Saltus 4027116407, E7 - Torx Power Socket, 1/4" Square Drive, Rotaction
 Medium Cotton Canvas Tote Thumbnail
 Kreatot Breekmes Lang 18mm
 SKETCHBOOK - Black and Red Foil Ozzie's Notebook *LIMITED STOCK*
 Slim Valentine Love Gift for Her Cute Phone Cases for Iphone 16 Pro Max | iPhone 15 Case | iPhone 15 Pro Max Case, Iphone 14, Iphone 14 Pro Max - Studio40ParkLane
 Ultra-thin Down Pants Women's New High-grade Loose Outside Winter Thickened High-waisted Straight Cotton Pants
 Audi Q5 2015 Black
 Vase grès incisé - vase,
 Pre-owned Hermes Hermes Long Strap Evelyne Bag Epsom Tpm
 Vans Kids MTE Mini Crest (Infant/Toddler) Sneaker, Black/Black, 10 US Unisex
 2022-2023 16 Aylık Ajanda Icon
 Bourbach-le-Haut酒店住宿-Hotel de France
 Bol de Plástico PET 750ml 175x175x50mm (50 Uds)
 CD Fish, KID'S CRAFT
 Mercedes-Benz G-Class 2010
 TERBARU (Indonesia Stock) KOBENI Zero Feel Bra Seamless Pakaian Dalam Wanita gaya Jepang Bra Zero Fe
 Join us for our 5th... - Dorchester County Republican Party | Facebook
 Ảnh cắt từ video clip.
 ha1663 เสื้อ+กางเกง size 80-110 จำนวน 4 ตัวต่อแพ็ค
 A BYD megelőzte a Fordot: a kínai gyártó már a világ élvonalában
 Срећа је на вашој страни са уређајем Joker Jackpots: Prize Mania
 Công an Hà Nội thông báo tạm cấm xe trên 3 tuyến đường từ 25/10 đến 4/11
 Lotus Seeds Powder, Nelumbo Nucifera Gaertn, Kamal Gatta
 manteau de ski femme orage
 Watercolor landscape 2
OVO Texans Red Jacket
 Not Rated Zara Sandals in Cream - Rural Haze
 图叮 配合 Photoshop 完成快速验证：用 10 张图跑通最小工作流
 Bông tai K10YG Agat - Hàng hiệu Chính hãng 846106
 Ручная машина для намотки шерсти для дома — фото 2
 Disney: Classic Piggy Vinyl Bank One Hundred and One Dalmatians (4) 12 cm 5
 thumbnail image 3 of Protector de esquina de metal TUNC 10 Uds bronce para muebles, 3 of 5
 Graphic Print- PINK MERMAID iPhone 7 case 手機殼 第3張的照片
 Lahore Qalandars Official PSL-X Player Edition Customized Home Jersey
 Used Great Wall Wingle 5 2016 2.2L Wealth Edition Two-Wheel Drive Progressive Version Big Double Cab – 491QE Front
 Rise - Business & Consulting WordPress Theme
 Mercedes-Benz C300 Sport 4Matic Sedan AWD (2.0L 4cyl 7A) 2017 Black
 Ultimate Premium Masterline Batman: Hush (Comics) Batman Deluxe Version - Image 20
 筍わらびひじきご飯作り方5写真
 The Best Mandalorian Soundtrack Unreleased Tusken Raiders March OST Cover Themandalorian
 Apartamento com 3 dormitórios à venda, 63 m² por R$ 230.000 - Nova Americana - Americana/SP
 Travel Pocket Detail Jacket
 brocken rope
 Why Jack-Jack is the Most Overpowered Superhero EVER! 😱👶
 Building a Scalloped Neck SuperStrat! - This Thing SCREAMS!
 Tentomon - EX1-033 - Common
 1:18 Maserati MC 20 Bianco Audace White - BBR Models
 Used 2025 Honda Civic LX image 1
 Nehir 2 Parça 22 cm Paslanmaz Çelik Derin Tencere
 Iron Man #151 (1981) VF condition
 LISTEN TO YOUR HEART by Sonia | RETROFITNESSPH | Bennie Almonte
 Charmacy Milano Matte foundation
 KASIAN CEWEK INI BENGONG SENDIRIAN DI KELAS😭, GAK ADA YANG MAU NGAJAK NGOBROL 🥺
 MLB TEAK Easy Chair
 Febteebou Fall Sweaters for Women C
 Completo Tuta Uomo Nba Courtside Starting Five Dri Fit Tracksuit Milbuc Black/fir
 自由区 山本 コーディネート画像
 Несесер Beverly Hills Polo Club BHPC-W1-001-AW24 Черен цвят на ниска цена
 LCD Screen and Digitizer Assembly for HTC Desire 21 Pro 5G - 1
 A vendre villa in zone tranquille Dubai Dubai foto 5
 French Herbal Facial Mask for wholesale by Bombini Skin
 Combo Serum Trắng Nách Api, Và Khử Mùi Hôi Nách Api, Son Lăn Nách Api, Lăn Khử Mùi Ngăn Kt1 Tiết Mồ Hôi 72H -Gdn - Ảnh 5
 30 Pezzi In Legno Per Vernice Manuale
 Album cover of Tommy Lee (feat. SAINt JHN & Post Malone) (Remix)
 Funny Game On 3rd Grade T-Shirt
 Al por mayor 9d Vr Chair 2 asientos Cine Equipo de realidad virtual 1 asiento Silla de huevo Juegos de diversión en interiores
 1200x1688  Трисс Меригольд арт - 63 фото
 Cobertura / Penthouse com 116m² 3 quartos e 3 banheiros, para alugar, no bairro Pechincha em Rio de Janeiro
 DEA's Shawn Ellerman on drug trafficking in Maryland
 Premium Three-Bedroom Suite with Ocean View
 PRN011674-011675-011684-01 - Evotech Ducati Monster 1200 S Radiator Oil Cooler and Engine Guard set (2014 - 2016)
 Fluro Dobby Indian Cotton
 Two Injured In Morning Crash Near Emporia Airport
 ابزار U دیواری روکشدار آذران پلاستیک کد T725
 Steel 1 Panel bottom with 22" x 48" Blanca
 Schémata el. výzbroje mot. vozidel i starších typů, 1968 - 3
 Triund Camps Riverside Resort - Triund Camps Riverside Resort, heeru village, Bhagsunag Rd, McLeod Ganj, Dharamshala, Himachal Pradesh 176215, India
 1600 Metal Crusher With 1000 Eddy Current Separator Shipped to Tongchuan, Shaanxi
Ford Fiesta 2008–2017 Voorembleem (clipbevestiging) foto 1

+ + + + +

Instructions for the task: Once you have identified the lines above that contain "Mercedes", copy each of them.

Exercise solution:
 Mercedes-Benz G-Class 2010
 Mercedes-Benz C300 Sport 4Matic Sedan AWD (2.0L 4cyl 7A) 2017 Black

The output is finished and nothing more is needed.